L’uomo scosse il capo e guardò altrove, come per metter fine alla questione. Il fatto che Baelfire fosse arrossito bastava a convincerlo della sua sincerità; di norma, in una situazione del genere, avrebbe approfittato di ogni spiraglio, ogni opportunità per peggiorare quella cosa che c’era tra loro, renderla più pericolosa, più reale.

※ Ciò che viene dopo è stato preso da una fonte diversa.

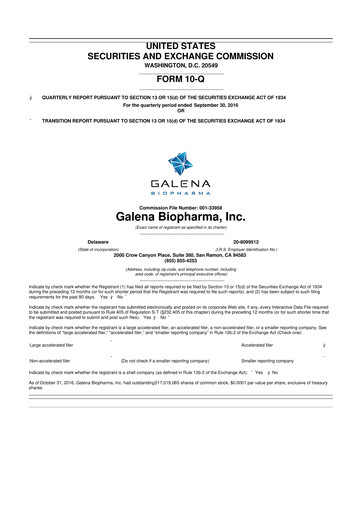 Thumbnail SELLAS Life Sciences 10-Q Quarterly Report FY2016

Forse, tuttavia, Hook stava davvero perdendo colpi, perché, non appena fu certo di aver ottenuto il suo perdono, Bae gli regalò uno dei suoi sorrisetti innocenti e posò la propria mano sopra quella dell’uomo, premendosela con più forza contro la guancia.
 
« Mi fa male dappertutto. Posso restare a dormire? »
 
Hook sbuffò e divincolò la mano dalla presa. Gli occhi di Bae lo fulminarono, indignati, quasi; seguirono per un attimo il movimento della mano e, con uno scatto imprevedibile, Bae gli morsicò la punta dell’indice. La reazione di Hook fu piuttosto pacata, come di chi è abituato a farsi azzannare da un adolescente con una certa regolarità. Piuttosto, si prese un attimo per valutare lo stato di Bae: quanto fosse ancora scosso, quanto arrabbiato, quanto avesse davvero bisogno di lui.

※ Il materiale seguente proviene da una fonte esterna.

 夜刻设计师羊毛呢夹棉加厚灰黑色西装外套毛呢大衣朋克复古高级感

C’erano giorni sereni, in cui quella cosa si riduceva ad occhiate, sorrisi furtivi, parole scherzose mormorate con tono sfacciato, di sfida. Altri, al contrario, erano gravosi, pieni di incertezza:  Bae lo scrutava con apprensione, qualche volta strillava o aveva gli occhi lucidi per la rabbia. Quei giorni erano i più importanti, Hook lo sapeva. In quei giorni, Bae aveva bisogno di sentirsi dire che non era pazzo, che non era il solo, almeno, ad aver bisogno di risposte. Le risposte che Hook poteva dargli none erano certe quelle che voleva – non ancora – ma erano abbastanza. Una sera spesa ad imparare nuove costellazioni, ad esempio. Addormentarsi con la testa contro la sua spalla, ascoltando i racconti degli altri membri dell’equipaggio. Farsi curare e coccolare dopo un epico volo dall’albero maestro.

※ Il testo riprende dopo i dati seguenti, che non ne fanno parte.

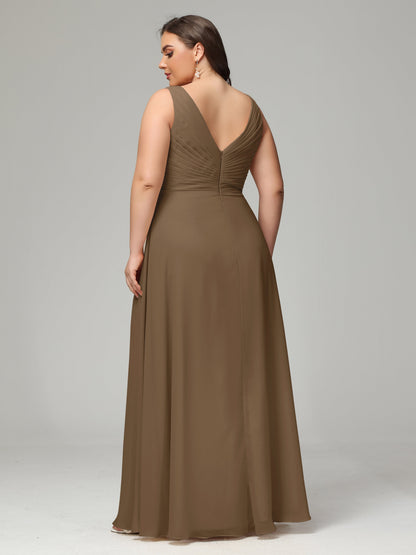 V-neck Straps Chiffon Plus Size Long Bridesmaid Dresses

Ora Bae era furioso, non c’era alcun dubbio. Hook gli posò una mano sul capo e lo guardò dritto negli occhi.
 
« Se ti rivedo lassù, non scomodarti a scendere. »
 
L’espressione di Bae si ammorbidì. Con un unico movimento aggraziato, si sporse in avanti e premette le labbra contro le sue. Il bacio fu troppo breve per essere definito in un qualche modo, ma era il solito Bae – le solite labbra, il solito sapore, come ogni volta in cui lo coglieva impreparato.
 
La caduta dall’albero maestro, alla fine, si era rivelata poco più di un capitombolo. Ma Killian Jones, che era un uomo scrupoloso, non se la sentì di lasciare Bae da solo; e Baelfire, che dopotutto era un ragazzino ubbidiente, si accoccolò tra le braccia del pirata e lì rimase fino al mattino.